Rule 1: Charles Dickens’ Bleak House famously opens with an inspired description of London’s “implacable November weather". The first chapter of John Steinbeck’s The Grapes of Wrath is itself implacably about the weather, serving notice that it will be a main character in the novel.
Rule 2: William Boyd’s no.1 bestseller (and James Tait Black Memorial Prize winner) Brazzaville Beach has a Prologue. So does Sarah Gruen’s Water For Elephants, Audrey Niffenegger’s The Time Traveler's Wife and Henry James’ The Turn of the Screw.
Rules 3 & 4: These are so sensible as to be ignored at your peril. To bring in a whole barrage of verbs like “remarked", “opined" and “elucidated" suggests brainless falsity. But there’s nothing wrong with a sparing use of “asked", “whispered", “shouted" and so on: it can be helpful. And naturally any number of successful, popular novelists go their own way in the matter. I’ve been reading John Wyndham’s The Day Of The Triffids (1951), for the first time since 1967. It’s very good - and fascinatingly of-its-time but not datedly stiff - yet within a typical dialogue-spiced page we have speech without any narrative add-on, some uses of “he said", but also “he admitted", “he smiled", “agreed Umberto", “observed", “explained", “suggested" (twice) and “remarked". I didn’t find this intrusive or awkward. And then there’s the novel with which Hilary Mantel finally won a Booker Prize, the magnificent Wolf Hall - which doesn’t tell you who speaks any line of dialogue. You have to work it out for yourself. There isn’t even the hand-holding of a “said Thomas". No “said" anybody. No “said".

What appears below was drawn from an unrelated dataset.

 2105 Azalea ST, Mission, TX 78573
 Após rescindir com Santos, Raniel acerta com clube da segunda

Rule 5: Indisputable truth. It applies too for every written sentence of non-fiction, of a letter, an e-mail, a tweet or a text message. It can only justify itself at the end of a one-word message - say, “No!" - for a more seemly form of emphasis than capital letters. In my opinion.
Rule 6: If he means as in “Suddenly, a man burst into the room and shot everyone", fair enough. When asked to serve a less clunky purpose, it can work. With “All hell broke loose", he’s wrong. As Bob Dylan, for one, has been repeatedly skilled in showing, cliché can be used in many witty, sly and beguiling ways.

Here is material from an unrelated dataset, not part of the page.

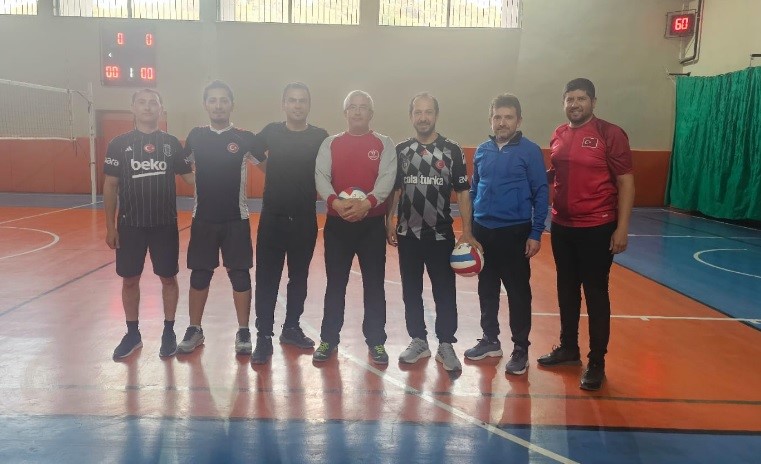 Tavşanlı’da eğitimciler voleybol turnuvası ile ter döküyor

Rule 7: Er... Mark Twain, D.H.Lawrence, Arnold Bennett, Thomas Hardy, Mary Webb (ie in her Precious Bane, now a Virago Modern Classic) and any number of Southern US novelists, old and new (including Kathryn Stockett in her flawed but fine book The Help).
Rules 8-10: So pleasantly unmeasurable as to be hardly rules at all.
Good list, though: as long as you don’t take it any more seriously than Elmore Leonard did.